Here in Utah, we are working closely with our partners in the rare disease community to raise awareness and harness resources to support the goal of improving the lives of people living with a rare disease and advancing diagnostics and treatments. Importantly, BioUtah and our rare disease partners have successfully pushed for authorization and funding of a Utah Rare Disease Advisory Council (RDAC). Appropriations for the RDAC, which Governor Cox signed into law as part of the recent state budget bill, paves the way to begin implementation of the council.
“As a rare disease patient, I am excited about starting the Utah Rare Disease Advisory Council to raise awareness for rare diseases every day, not just on rare disease day,” said Matt Pearl, Utah Rare Action Network Volunteer State Ambassador.
One in 10 Utah residents have one of the more than 7,000 known rare diseases.
“With this council, we look forward to focusing on the needs of rare disease patients here in the state and supporting industry efforts to bring innovative medicines to the market,” said Kelvyn Cullimore, president and CEO of BioUtah.
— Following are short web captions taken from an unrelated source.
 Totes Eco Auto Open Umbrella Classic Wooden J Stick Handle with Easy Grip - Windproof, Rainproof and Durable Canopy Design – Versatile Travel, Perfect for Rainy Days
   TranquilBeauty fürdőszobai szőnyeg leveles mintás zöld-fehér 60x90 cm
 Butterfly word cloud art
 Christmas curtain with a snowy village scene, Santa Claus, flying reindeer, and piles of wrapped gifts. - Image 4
Utah joins 15 others states that have an RDAC: Alabama, Connecticut, Illinois, Kentucky, Massachusetts, Minnesota, Missouri, New Hampshire, New York, Nevada, North Carolina, Ohio, Pennsylvania, Tennessee, Utah, and West Virginia. The National Organization for Rare Disease (NORD) formally launched Project RDAC at the end of 2020 to optimize the existing RDACs and help more states pass councils. For more information check out NORD’s Project RDAC website here: https://rarediseases.org/rdac-overview/.
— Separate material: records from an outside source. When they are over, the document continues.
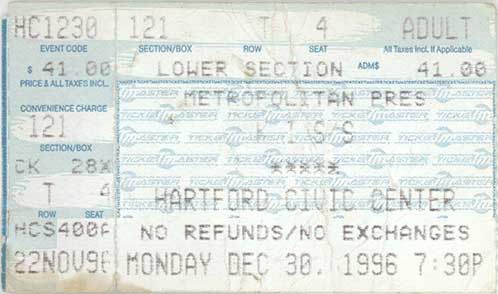 Ticket from Hartford, CT, USA 30 December 1996 show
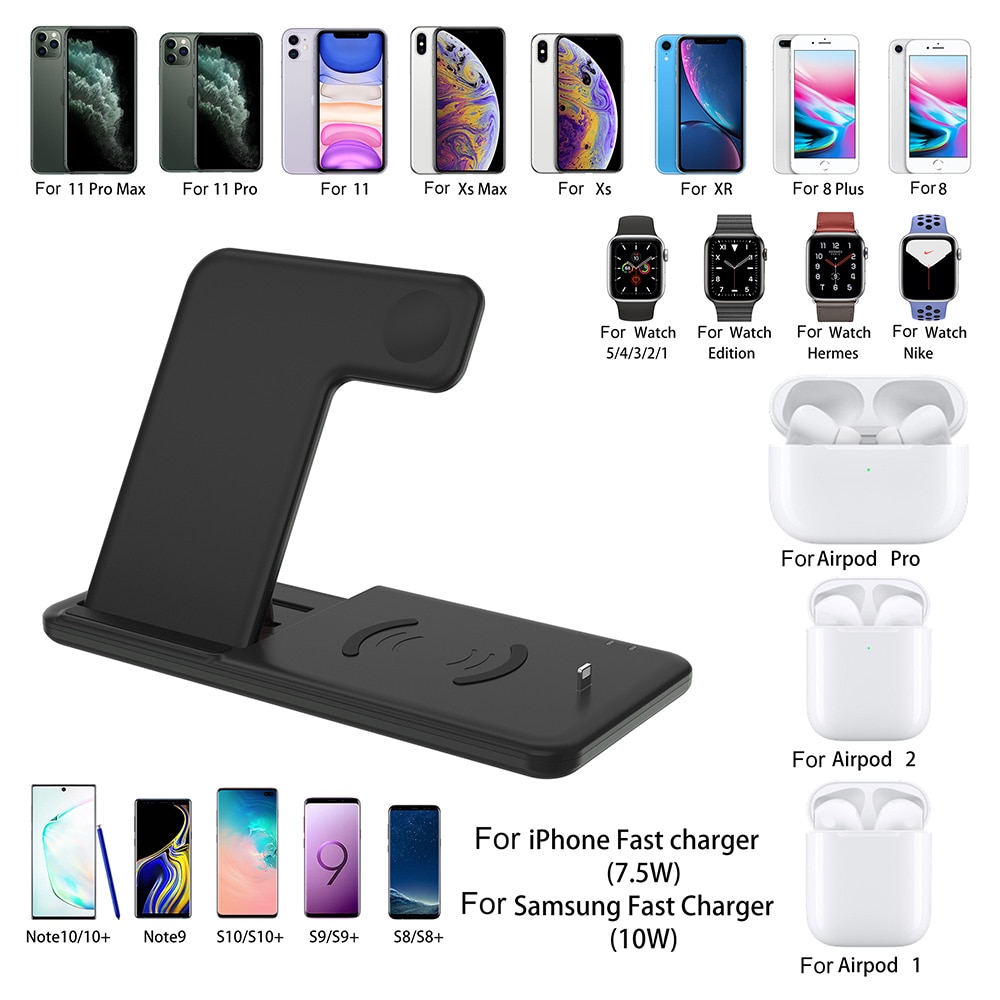 Foldable Fast Wireless Charger Stand For Phone and Watch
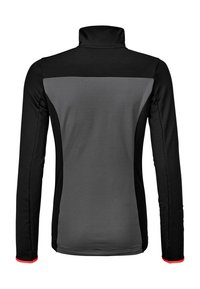 Langärmliges Shirt in Schwarz- und Grautönen, mit einem hohen Kragen und roten Akzenten an den Manschetten, aus strukturiertem Stoff.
The official Rare Disease Day is always the last day of February, but in practice, it’s important that we come together throughout the year to give voice to the more than 300 million worldwide with a rare disease. NORD is the sponsor of Rare Disease Day in the U.S., alongside its sister organization, the European Organization for Rare Disorders, which organizes the official international campaign.